Air War Over the Putumayo...
...Colombian and Peruvian Air Operations during the 1932-33 Conflict, Helion & Company, via Casemate Books
Title: Air War of the Putumayo
Author: Amaru Tincopa & Santiago Rivas
Publisher: Helion and Company
An 80-page paperback format book, number 7 in the Latin America at War series from Helion Books. Once again it tackles events I knew nothing about before hand, and I wonder how many of us in Europe were aware of this border conflict back in 1932. It deals with what was essentially a border dispute between Colombia and Peru in a region where there was no simple physical guide to where the border was and when as ever, economics drew two sides into confrontation. The bulk of the area under dispute was largely Amazonian jungle which also restricted movement for significant land forces. It led to the greater development and use of aircraft over this inhospitable area, and where the use of the rivers meant a widespread use of float planes.

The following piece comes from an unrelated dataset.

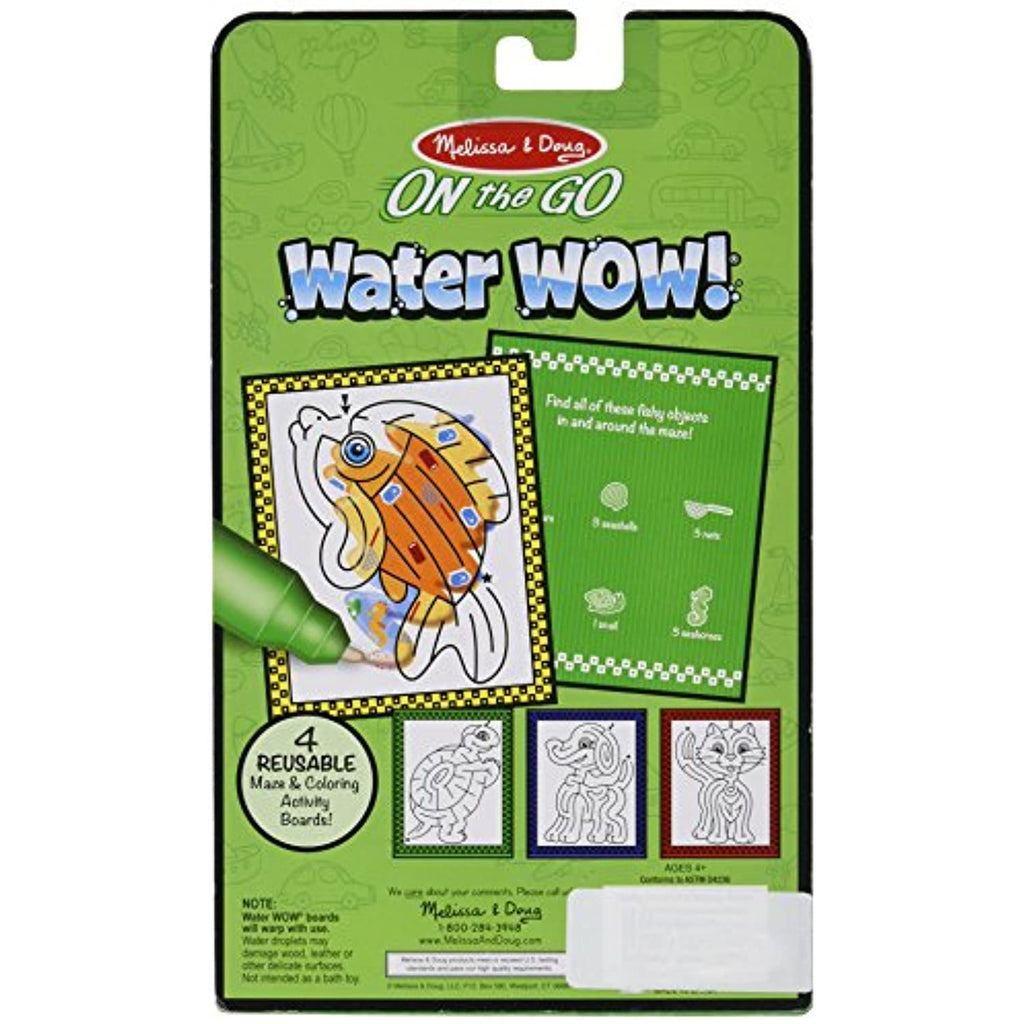 Melissa & Doug On the Go Water Wow! Pet Mazes Activity Pad (Reusable Water-Reveal Coloring Book, Refillable Water Pen)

So, the book starts with an Introduction and part one of the story which sets out the background to the situation that led to the border conflict, with the story of the development of the new Republic of Peru and of Colombia from Neuva Grenada and the events that led to the start of the conflict. Part 2 of the book considers the two opposing sides, which includes the growth of their respective air arms as well as a look at their Orders of Battle for their naval and ground forces. Then we get the story of their initial deployments and the chronological story which details the events that took place during the conflict itself. Fortunately the League of Nations stepped in and was successful in stepping in and finding a solution that both sides were able to accept, before it turned into all out war.
We get an interesting bit of history from the early 1930s and for the aviation historian and modeller, we see an absolutely fascinating selection of archive photos which will be new to pretty much every reader I suspect. The variety of aircraft types from this early era of aviation, where the majority are still biplanes but not entirely. Some we see on conventional wheeled undercarriage but the majority are fitted with floats to operate from the rivers, and there are some boat hulled flying boats as well. The variety of manufacturers is every bit as varied, supplied from the USA, the UK, France Italy and Germany. The most famous I guess will be the Ju 52, on floats. Add maps and 5 pages of fine colour profiles, there is a lot to inspire a modeller to try something a bit different.
Another interesting and informative addition to this series, and again I enjoyed discovering more about a history I hadn't known about beforehand.
Distributed by Casemate Books, who kindly provided my review copy.